Nossa Opinião: Brasil, não mostre a sua cara

A Coalizão Direitos na Rede (CDR) vem, há anos, desenvolvendo a campanha Tire Meu Rosto da Sua Mira, que tem como objetivo central o banimento total das tecnologias de reconhecimento facial no contexto da segurança pública.
Essas tecnologias, cada vez mais disseminadas, não possuem eficácia comprovada e, por se basearem em dados probabilísticos, frequentemente cometem erros, especialmente contra pessoas negras e mulheres. Reproduzem e ampliam, no ambiente digital, as discriminações estruturais do chamado “mundo real”.
A campanha alerta ainda que o aparente apoio popular a essas tecnologias se dá por uma promessa ilusória de segurança. No entanto, o que se entrega, na prática, é “uma vigilância seletiva, racializada, cara e falha”. Mais do que isso: “quando funcionam ‘bem’, promovem vigilância em massa e reforçam o seletivismo penal”, agravando desigualdades históricas e aprofundando a criminalização da pobreza e da dissidência.
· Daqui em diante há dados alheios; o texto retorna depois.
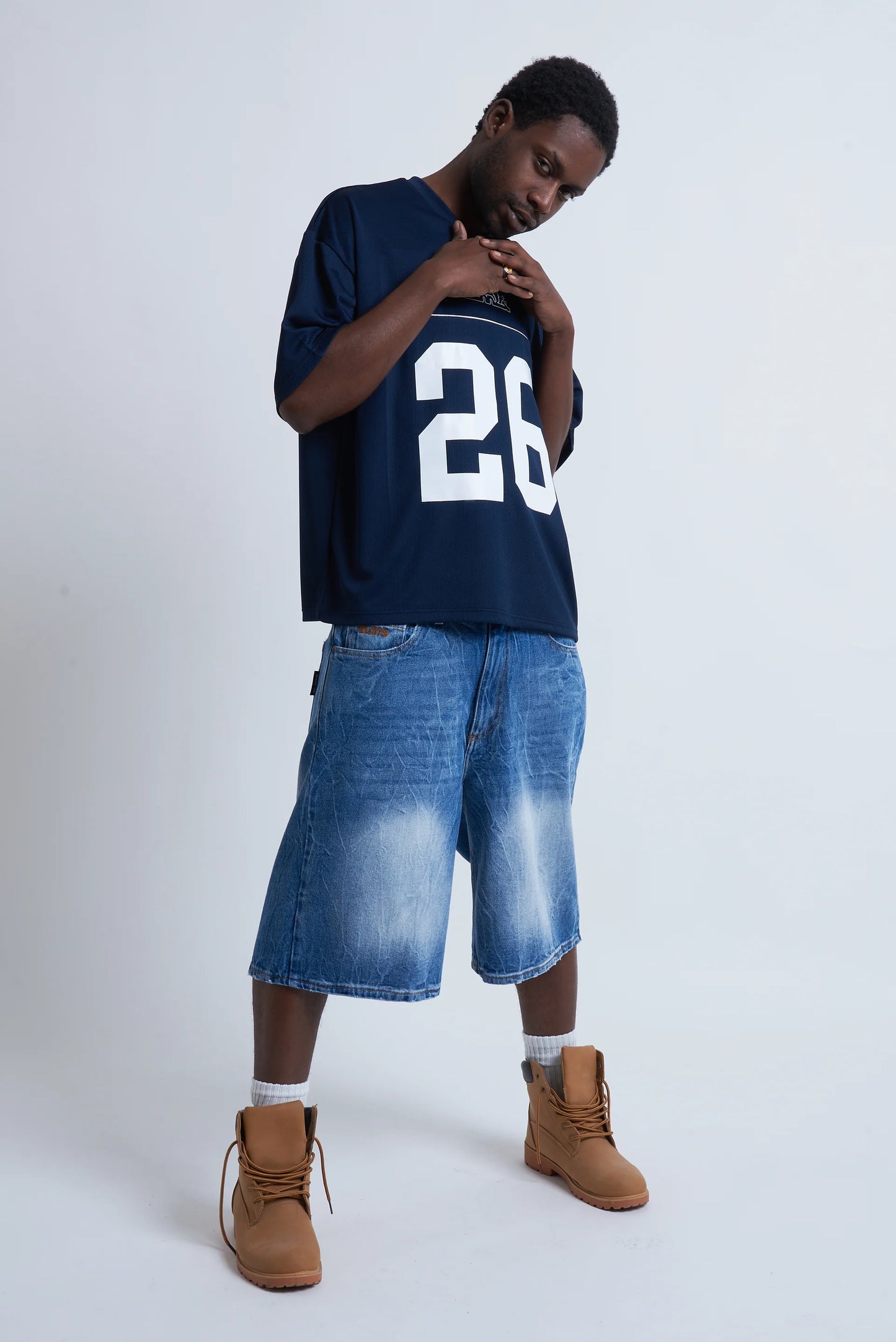 Hockey Tee Arabic Bue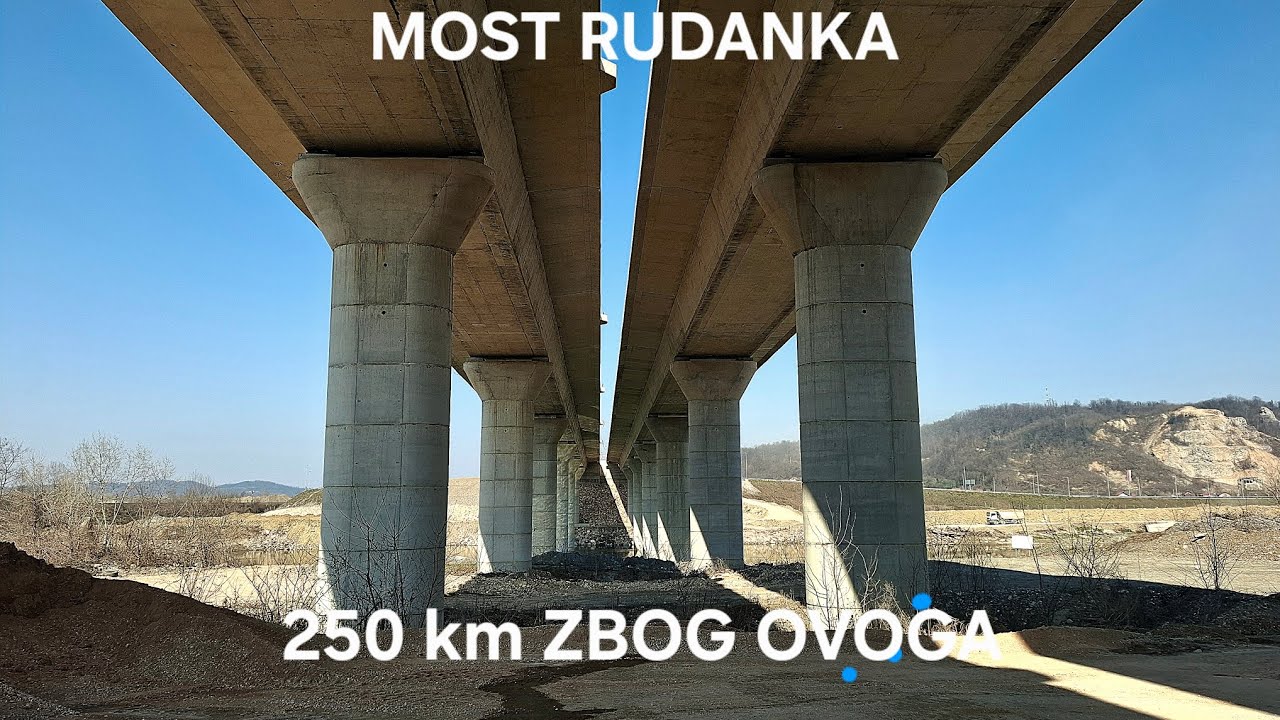 Autoput Koridor 5C. 3 gradilišta| Ponirak, Most Rudanka i Putnikovo Brdo-Medakovo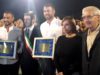 QUAGLIARELLA E BARZAGLI RITIRANO IL PREMIO GAETANO SCIREA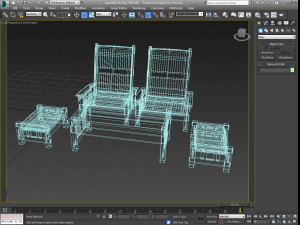 furniture living room Model 3D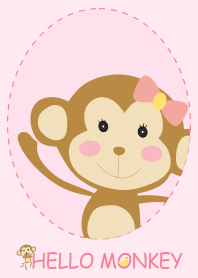단순한 원숭이 원숭이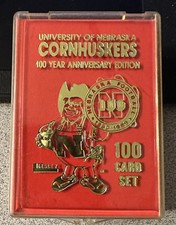 Nebraska cornhuskers 100 for sale  Floresville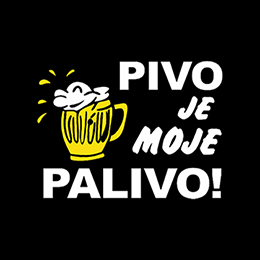 Fotonášivka PIVO JE MOJE PALIVO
Essa lógica de vigilância se insere no contexto mais amplo do que se chama capitalismo de vigilância, uma forma de exploração baseada na coleta e comercialização de dados pessoais.
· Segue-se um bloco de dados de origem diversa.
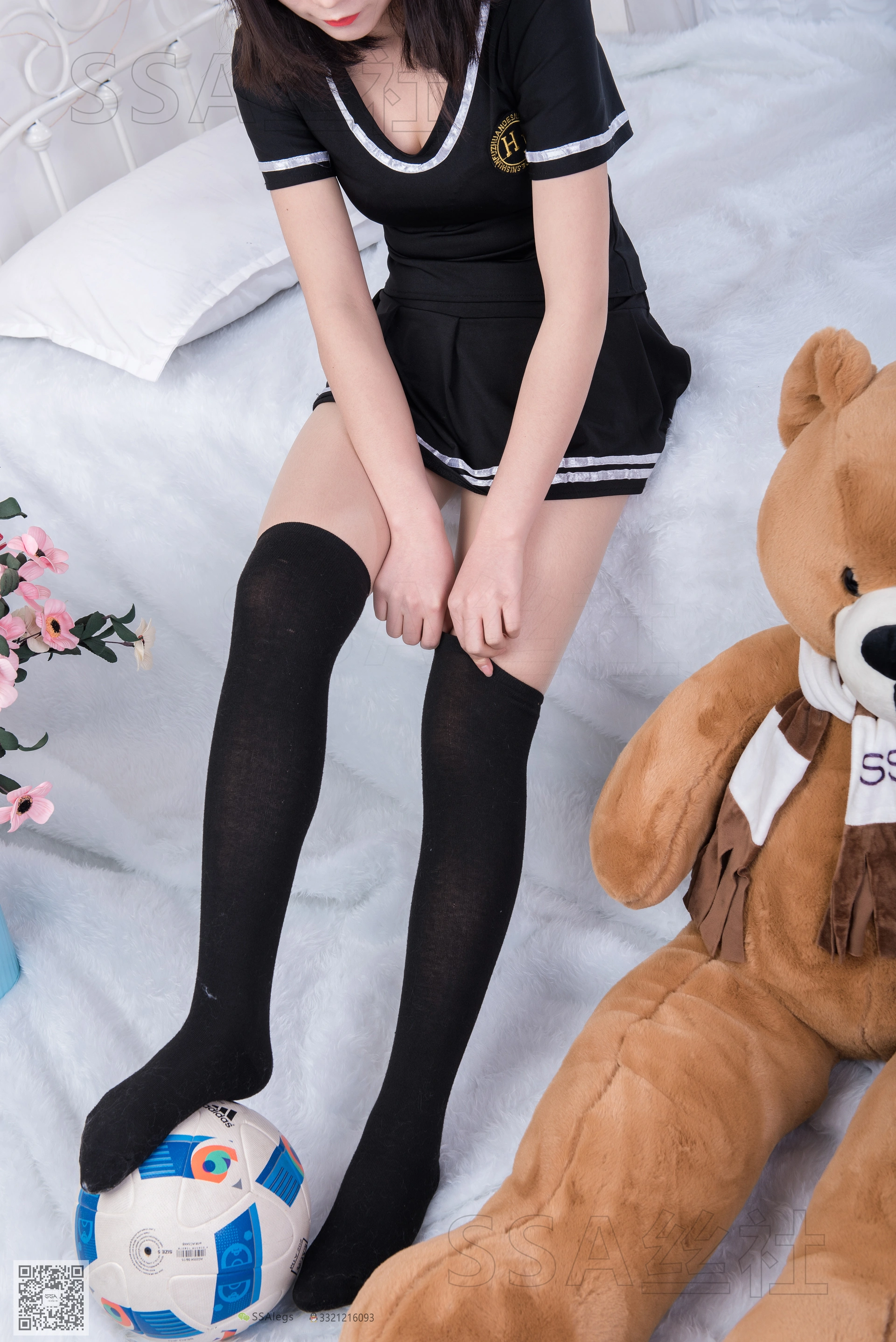 SSA丝社 超清写真 NO.078 云云 足球宝贝[128P-1.42GB]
Criminalização do direito de protesto
Imagine, por exemplo, que você participe de uma manifestação pacífica e tenha seu rosto captado por uma câmera de reconhecimento facial. Se essa informação for compartilhada, intencionalmente ou não, com sua empresa ou seu chefe, que possuam uma visão política contrária à sua, o que poderá acontecer com seu emprego? Com sua reputação?
Nesse cenário, direitos constitucionais básicos, como o de ir e vir, o direito à privacidade, à reunião e à livre expressão, passam a ser flexibilizados, ou até mesmo desrespeitados.
“A possibilidade de ser alvo de vigilância permanente pode levar as pessoas a mudarem seus comportamentos, assumindo uma postura de autocensura, assim, mobilizações legítimas podem ser inibidas. A autocensura pode atingir de maneira mais profunda grupos mais vulnerabilizados pela repressão e pela violência estatal. Em casos limites, o uso dessas tecnologias pode ensejar até mesmo a criminalização do direito de protesto,” afirma a Campanha da Coalizão Direitos na Rede.
A gravidade do tema é evidente. Não se trata apenas de tecnologia, mas de democracia, equidade e liberdade. Por tudo isso, essas ferramentas devem ser banidas do uso na segurança pública brasileira. O futuro não pode ser construído sobre a vigilância, o medo e a desigualdade.